Interview exclusive : Carlos Tavares, pilote tout-terrain

The Good Business

A la tête de PSA depuis 2014, Carlos Tavares restera celui qui a évité une sortie de route définitive à la marque au lion. Ingénieur de formation, réputé pour sa gestion intraitable, ce Portugais de 62 ans a aussi démontré des qualités de stratège redoutable. Ainsi, la fusion en passe d’être conclue avec Fiat Chrysler Automobiles (FCA) lui doit beaucoup. Ce passionné de course automobile n’hésite pas à s’aventurer sur des pistes aux enjeux brûlants, à commencer par la transition énergétique à marche forcée de l’industrie. Homme rare dans les médias, il accorde à The Good Life une interview exclusive.

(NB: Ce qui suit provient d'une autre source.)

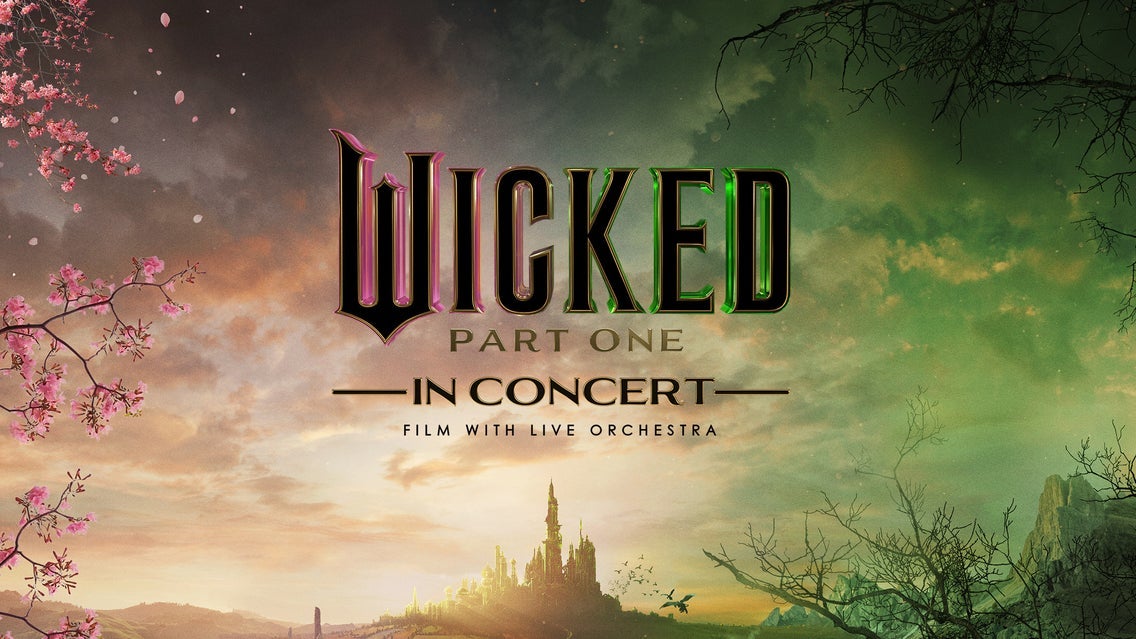 Wicked: Part One in Concert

The Good Life : Nous allons attaquer par une question un peu frontale, en revenant sur un épisode particulier. On est en septembre 2017, au Salon automobile de Francfort. Lors d’une rencontre avec la presse, vous tenez le discours suivant : « Si on nous donne instruction de faire des véhicules électriques, il faut également que les administrations et les autorités assument la responsabilité scientifique. Parce que je ne voudrais pas que, dans trente ans, on ait découvert, les uns ou les autres, quelque chose qui n’est pas aussi beau que ça en a l’air. » Puis, deux ans plus tard, toujours à Francfort, nouvelle sortie de votre part, encore sur la voiture électrique : « Jusqu’à quand les citoyens européens se laisseront ils dicter par la pensée unique ce qui est bien ou mal ? » Forcément, ces saillies vous valent une réputation de partisan très modéré de l’électrification à grande enjambée de l’automobile. Or, dans les faits, on commence à le comprendre, voiture électrique n’est pas nécessairement synonyme d’automobile propre. Il y a l’impact carbone de la fabrication des composants, leur transport, le problème de recyclage des batteries, l’épuisement des métaux rares, sans parler de la source de l’énergie qui sert à recharger ces voitures… Alors, Carlos Tavares, quelle serait votre feuille de route pour se mettre sur le chemin d’une transition écologique réaliste en matière d’automobile ?

Carlos Tavares : Merci d’attaquer avec cette excellente question frontale. La mobilité est nécessaire à l’être humain parce qu’elle est associée à la liberté de mouvement. Si on l’en prive, il se révoltera. Mais, pour protéger ce besoin essentiel, cette liberté, il faut que la mobilité soit propre. Personne n’est en position, et certainement pas moi, de s’opposer à ce progrès inéluctable. La grande problématique du véhicule électrique, c’est qu’il a été dicté par les gouvernants comme une réaction violente à cette forme d’humiliation qu’a été la tricherie de l’un de nos concurrents allemands [l’affaire Volkswagen dite du « dieselgate », NDLR]. Elle a touché l’ensemble de la profession et pas uniquement celui considéré comme fautif. A cause de cette réaction très brutale, on est allé directement à la solution, plutôt que de s’arrêter à ce qu’il était nécessaire de faire pour que la mobilité reste propre. Dans la mesure où les objectifs CO2 ont été définis sur la base d’une prévision de montée en puissance des ventes de modèles électriques, j’en ai déduit que la technologie a été imposée par les pouvoirs publics. En tant que citoyen, je pense que ça représente un risque très important.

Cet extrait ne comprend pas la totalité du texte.